SimonV's Blog-JNCIS-SEC – Juniper SRX100 Cluster Configuration

SimonV · March 01, 2016, 09:01:33 PM

JNCIS-SEC – Juniper SRX100 Cluster Configuration

In this post I will go through the basics of cluster configuration on the SRX. I still have a couple of SRX100s laying around, which is perfect to cover the clustering topics of the JNCIS-SEC blueprint! Before you start configuring the cluster, always verify that both your boxes are on the same software version. root@FW01A> … Continue reading →

In this post I will go through the basics of cluster configuration on the SRX. I still have a couple of SRX100s laying around, which is perfect to cover the clustering topics of the JNCIS-SEC blueprint!

Before you start configuring the cluster, always verify that both your boxes are on the same software version.


root@FW01A> show system software
Information for junos:

Comment:
JUNOS Software Release [12.1X44-D40.2]

Physical Wiring

Here is how the cluster will be cabled up. Because there’s a lot to remember during the configuration, it’s best to make this sort of diagram before you begin.

Connect the fxp1 and Fab ports

The Control link (fxp1) is used to synchronize configuration and performs cluster health checks by sending heartbeat messages. The physical port location depends on the SRX model, and can also be configurable on the high-end models. In my case, on the branch SRX100B, the fe0/0/07 interfaces are predetermined as fxp1.

The fab interface is used to exchange all the session state information between both devices. This provides a stateful failover if anything happens to the primary cluster node. You can choose which interface to assign. I will use fe/0/0/5 so all the first ports stay available.

Setting the Cluster-ID and Node ID

First, wipe all the old configuration and put both devices in cluster mode. Some terminology:

The cluster ID ranges from 1 to 15 and uniquely identifies the cluster if you have multiple clusters across the network. I will use Cluster ID 1

The node ID identifies both members in the cluster. A cluster will only have two members ever, so the options are 0 and 1

The commands below are entered in operational mode:


root@FW01A> set chassis cluster cluster-id 1 node 0 reboot
Successfully enabled chassis cluster. Going to reboot now


root@FW01B> set chassis cluster cluster-id 1 node 1 reboot
Successfully enabled chassis cluster. Going to reboot now

Keep attention when you enter the commands above. Make sure you are actually enabling the cluster, not disabling it. That would return the following message:


 Successfully disabled chassis cluster. Going to reboot now

Configuring the management interfaces

Once the devices have restarted we can move on to the configuration part.

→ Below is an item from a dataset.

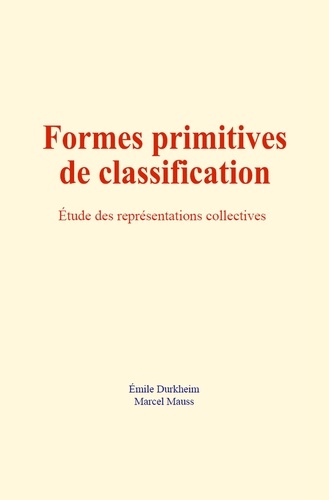 Formes primitives de classification. Étude des représentations collectives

To get out-of-band access to your firewalls, you really should configure both the members with a managment IP on the fxp0 interface.

All member-specific configuration is applied under the groups node-memmbers stanza. This is also where the hostnames are configured.


{primary:node0}[edit groups]
root@FW01A# show
node0 {
    system {
        host-name FW01A;
    }
    interfaces {
        fxp0 {
            unit 0 {
                family inet {
                    address 192.168.1.1/24;
                }
            }
        }
    }
}
node1 {
    system {
        host-name FW01B;
    }
    interfaces {
        fxp0 {
            unit 0 {
                family inet {
                    address 192.168.1.2/24;
                }
            }
        }
    }
}

On the SRX100B, the fxp0 interface is automatically mapped to the fe0/0/6 interface. Be sure to check the documentation for your specific model.

Apply Group

Before committing, don’t forget to include the command below . This ensures that node-specific config is only applied to that particular node.


{primary:node0}[edit]
root@FW01A# set apply-groups "${node}"

Configuring the fabric interface

The next step is to configure your fabric links, which are used to exchange the session state. Node0 has the fab0 interface and Node1 has the fab1 interface.


{primary:node0}[edit interfaces]
root@FW01A# show
fab0 {
    fabric-options {
        member-interfaces {
            fe-0/0/5;
        }
    }
}
fab1 {
    fabric-options {
        member-interfaces {
            fe-1/0/5;
        }
    }
}

After a commit, we can see both the control and fabric links are up.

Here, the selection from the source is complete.